Archive for February 2014
Information system development is generally viewed as a rational process involving steps such as planning, requirements gathering, design etc. However, since it often involves many people, it is only natural that the process will have social and political dimensions as well.
The rational elements of the development process focus on matters such as analysis, coding and adherence to guidelines etc. On the other hand, the socio-political aspects are about things such as differences of opinion, conflict, organisational turf wars etc. The interesting thing, however, is that elements that appear to be rational are sometimes subverted to achieve political ends. Shorn of their original intent, they become rituals that are performed for symbolic reasons rather than rational ones. In this paper I discuss rituals in system development, drawing on a paper by Daniel Robey and Lynne Markus entitled, Rituals in Information System Design .
According to the authors, labelling the process of system design and development as rational implies that the process can be set out and explained in a logical way. Moreover, it also implies that the system being designed has clear goals that can be defined upfront, and that the implemented system will be used in the manner intended by the designers. On the other hand, a political perspective would emphasise the differences between various stakeholder groups (e.g. users, sponsors and developers) and how each group uses the process in ways that benefit them, sometimes to the detriment of others.
In the paper the authors discuss how the following two elements of the system development process are consistent with both views summarised above.
- System development lifecycle.
- Techniques for user involvement
I’ll look at each of these in turn in the next two sections, emphasising their rational features.
The basic steps of a system development lifecycle, common to all methodologies, are:
- Requirements gathering / analysis
Waterfall methodologies run through each of the above once whereas Iterative/Incremental methods loop through (a subset of) them as many times as needed.
It is easy to see that the lifecycle has a rational basis – specification depends on requirements and can therefore be done only after requirements have been gathered and analysis; programming can only proceed after design in completed, and so on It all sounds very logical and rational. Moreover, for most mid-size or large teams, each of the above activities is carried out by different individuals – business analysts, architects/designers, programmers, testers, trainers and operations staff. So the advantage of following a formal development cycle is that it makes it easier to plan and coordinate large development efforts, at least in principle.
Techniques for user involvement
It is a truism that the success of a system depends critically on the level of user interest and engagement it generates. User involvement in different phases of system development is therefore seen as a key to generating and maintaining user engagement.
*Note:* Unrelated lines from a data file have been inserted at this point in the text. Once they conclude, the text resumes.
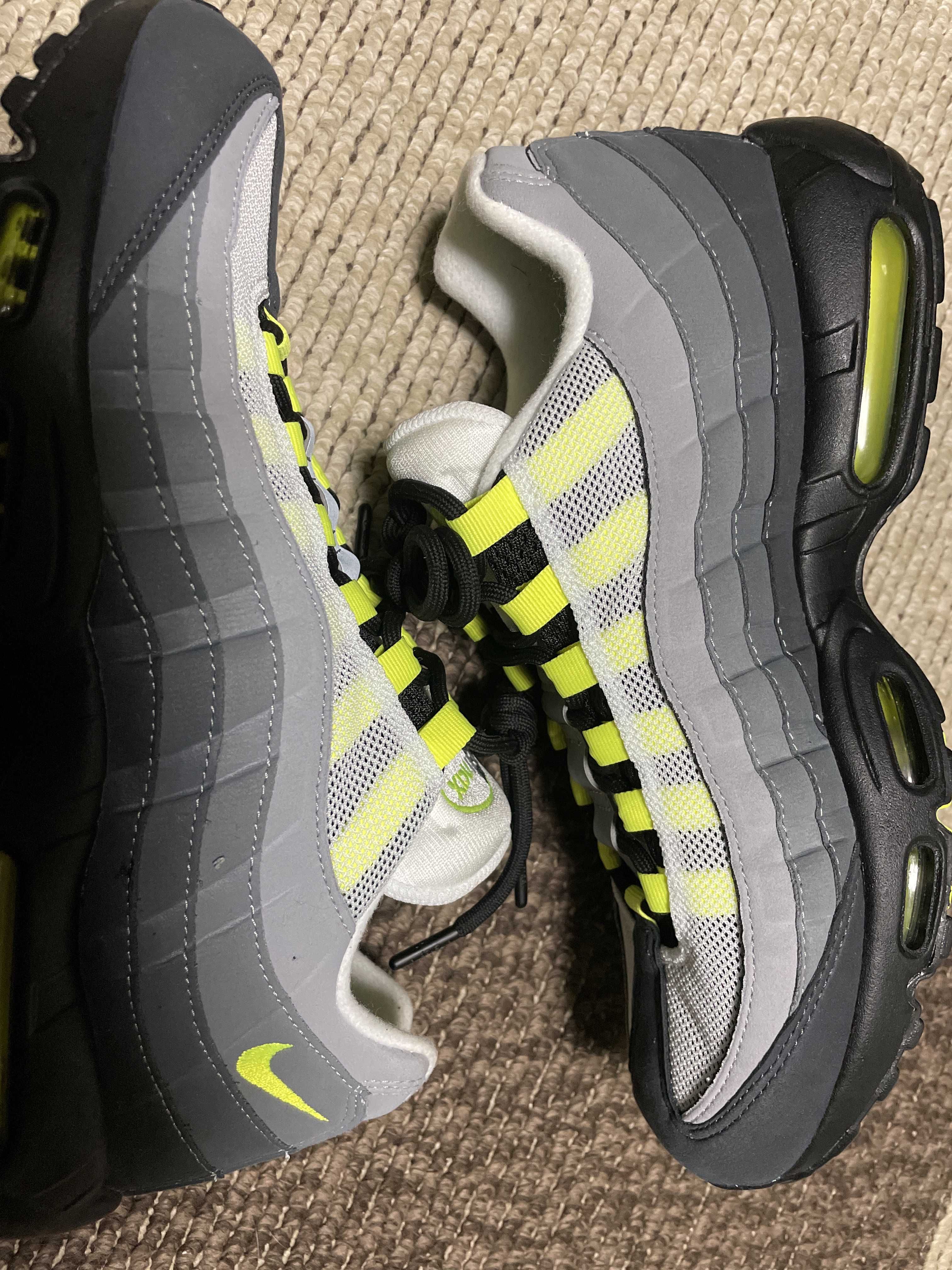 Nike Air Max 95 OG "Neon Yellow" (2020)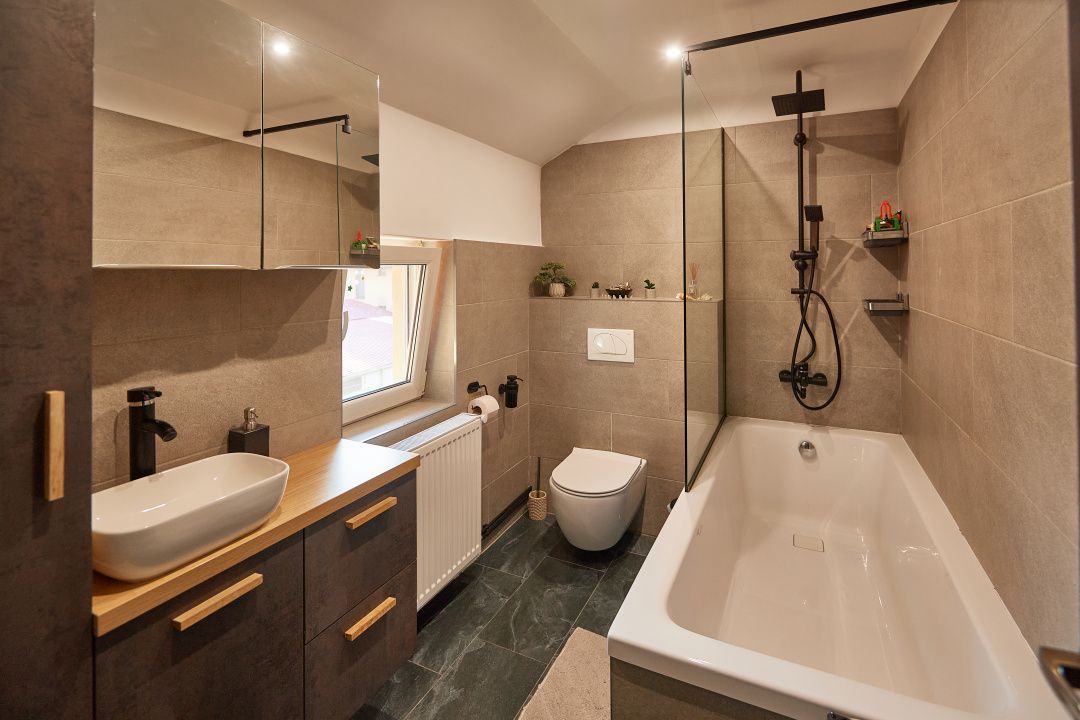 Casa in triplex, 120 mp utili, renovata total, Cuza Voda Floresti – fotografia 8 din 19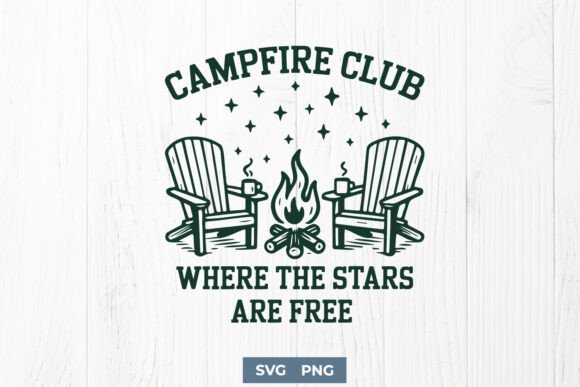 Campfire Club Where the Stars Are Free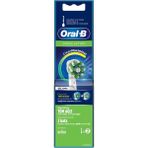 Oral-B Yedek Başlık Cross Action Orta Sertlikte 2'li Paket Beyaz Renk ile Derin Temizlik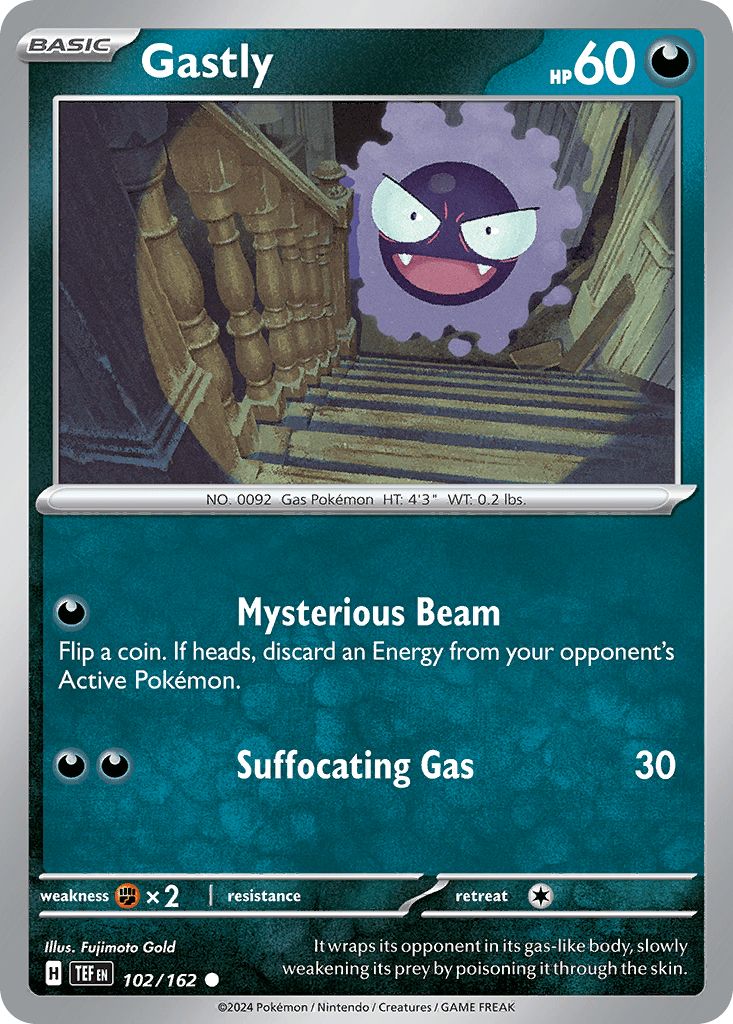 Gastly sv5 102 Pok mon Card Database PokemonCard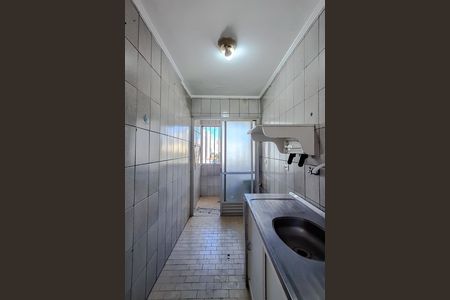 Apartamento à venda com 42m², 1 quarto e 1 vaga Apartamento à venda com 42m², 1 quarto e 1 vagaCozinha e Área de Serviço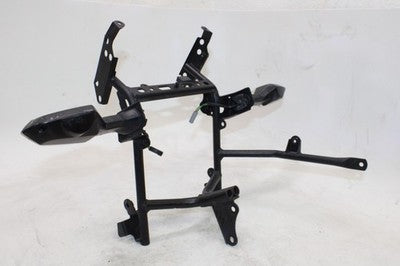 2011 KAWASAKI VERSYS 650 KLE650CF OEM UPPER FAIRING STAY BRACKET W TURN SIGNALS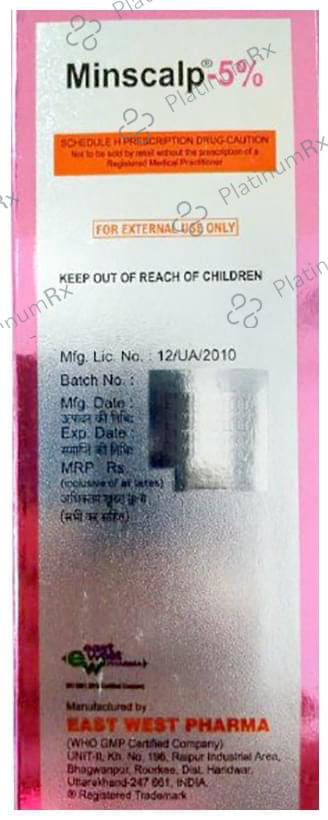 Minscalp 5% Solution 60ml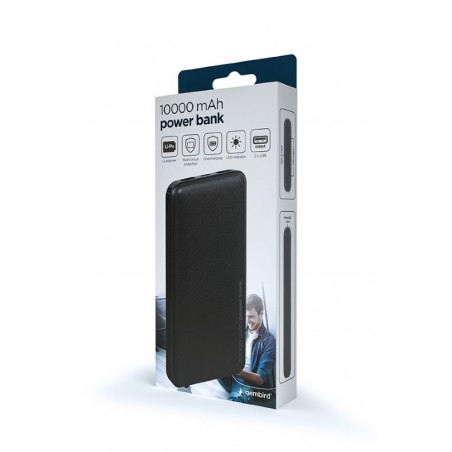 PowerBank 10 000 mAh czarny PowerBank 10 000 mAh czarny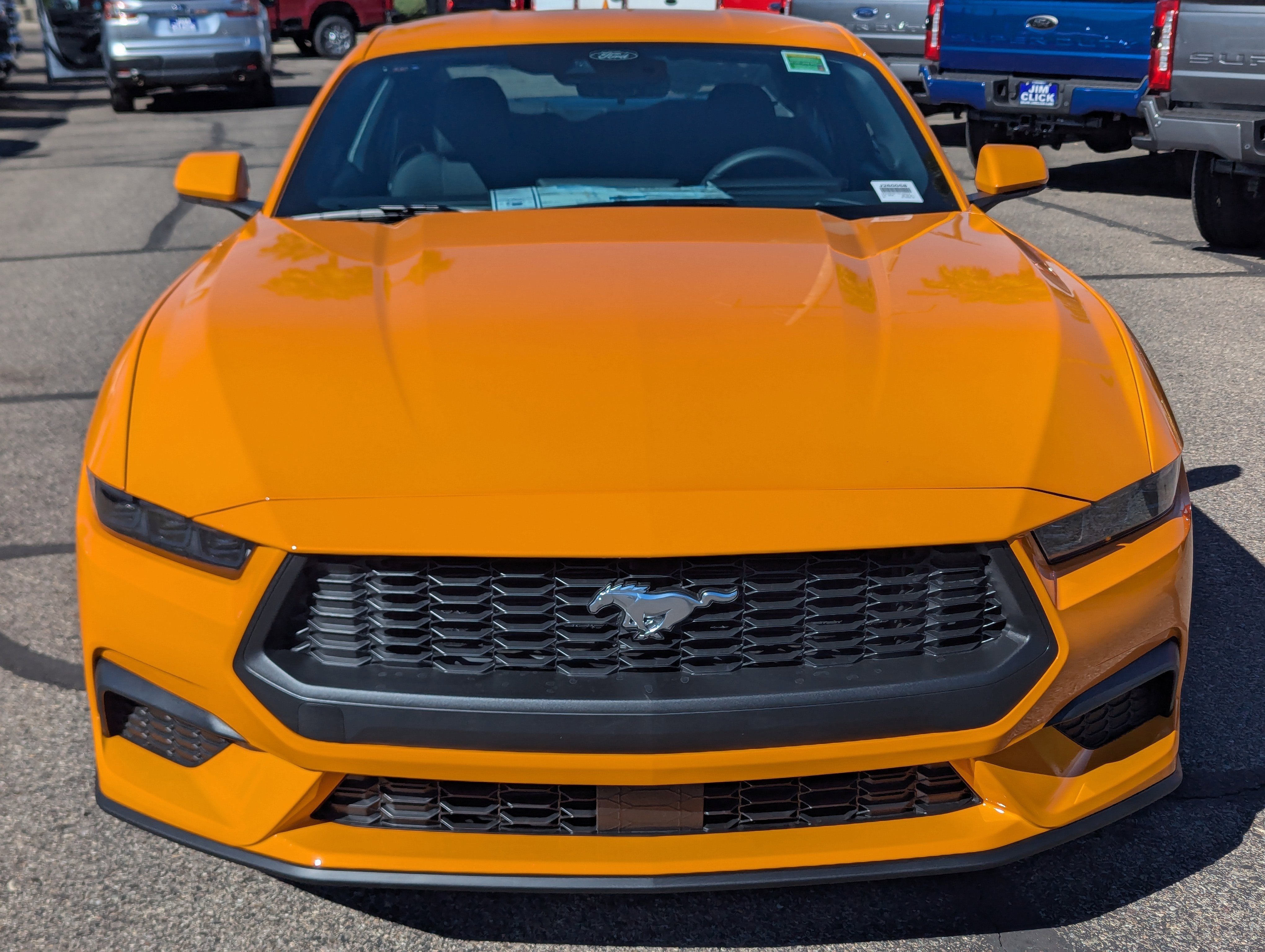 2026 Ford Mustang EcoBoost® Fastback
Some of the common techniques to solicit user involvement include:
- Requirements analysis: Direct interaction with users is necessary in order to get a good understanding of their expectations from the system. Another benefit is that it gives the project team an early opportunity to gain user engagement.
- Steering committees: Typically such committees are composed of key stakeholders from each group that is affected by the system. Although some question the utility of steering committees, it is true that committees that consist of high ranking executives can help in driving user engagement.
- Prototyping: This involves creating a working model that serves to demonstrate a subset of the full functionality of the system. The great advantage of this method of user involvement that it gives users an opportunity to provide feedback early in the development lifecycle.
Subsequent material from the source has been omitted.